Remembering the smiling, inspirational woman who helped create the Palladium – Hazel Hough

One of the joys of being part of the Palladium was getting to spend lots of time with two of our founders – Bill and Hazel Hough.

 

I am saddened to write that Hazel has left us. I can’t believe I won’t be seeing her in her favorite seat, stage left at the top of our center staircase, this coming season. It is a season filled with shows Hazel would love and we plan to dedicate our 2019-20 season to her.

 

Bill and Hazel Hough

It was she who first walked into what was then a Christian Science Church on Fifth Avenue North and reported back to Bill that she’d found the building they needed for the community theater venture that eventually became The Palladium.

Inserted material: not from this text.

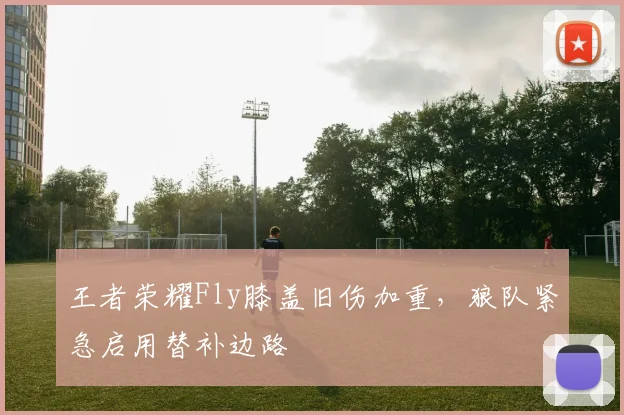 王者荣耀Fly膝盖旧伤加重，狼队紧急启用替补边路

Hazel wasn’t just an art patron, but a visionary. She and Bill realized after new performing arts centers were built in the community, that our local arts organizations and local performers needed their own place to perform that was professional and affordable. She was at the heart of a group of citizens who came together to make that venue a reality. That’s why our main theater is called Hough Hall.

 

Once The Palladium opened in 1998, she was a regular audience member. She was last here in late May for a Florida Orchestra concert. Even though getting to her seat was a challenge for her weakened legs, she was always happy to be here.  She told me in the early days she and Bill were often called in to bolster an otherwise small audience.

 

We haven’t had to call Bill and Hazel to fill seats for a long time. But I loved it when they came out for a show.

 

I also was lucky enough to visit with them at meetings, at lunches, at their Bayfront Tower apartment, and most recently at Westminster, their retirement community.

 

No matter how she was feeling – and moving around wasn’t easy for her in recent years – Hazel never lost her loving spirit and her mega-watt smile. She always wanted to know how my family and I were doing.

 

I  met Bill and Hazel before taking the job at the Palladium. My journalism professor and mentor, Don Baldwin, and his wife Pat, had included Eugenie and me in dinner parties at their home and the Houghs were among the guests. She loved the songs of the Great American Songbook – she was a good singer herself – and it was fun playing and singing for her. I was asked to coordinate music for the opening of the Hazel Hough Wing at the Museum of Fine Arts soon after taking my job here. I made sure there was a grand piano available and asked Hazel what song she wanted to hear.

 

Bill, Hazel and me at the Palladium

“I love Body and Soul,” she told me. I learned it – and let me tell you it’s not an easy song to do – and made sure she was at the piano when I played it.

 

Hazel, as always, was smiling and complimentary. She brought the best old-school southern charm to her life. And she shared that with all the people who were lucky enough to cross her path.

 

We’ve achieved a lot at the Palladium during the past 12 years, but my proudest moment was when Hazel told me that of all the things she and Bill had supported, the Palladium was the closest to their heart.

 

“And you’ve made it into the place we always hoped it would be,” She said.

 

And then she smiled and her smile lit up the room.

 

Speaking for everyone at the Palladium and St. Petersburg College, we say farewell to our dear friend Hazel Hough and send our sympathies and best wishes to her family.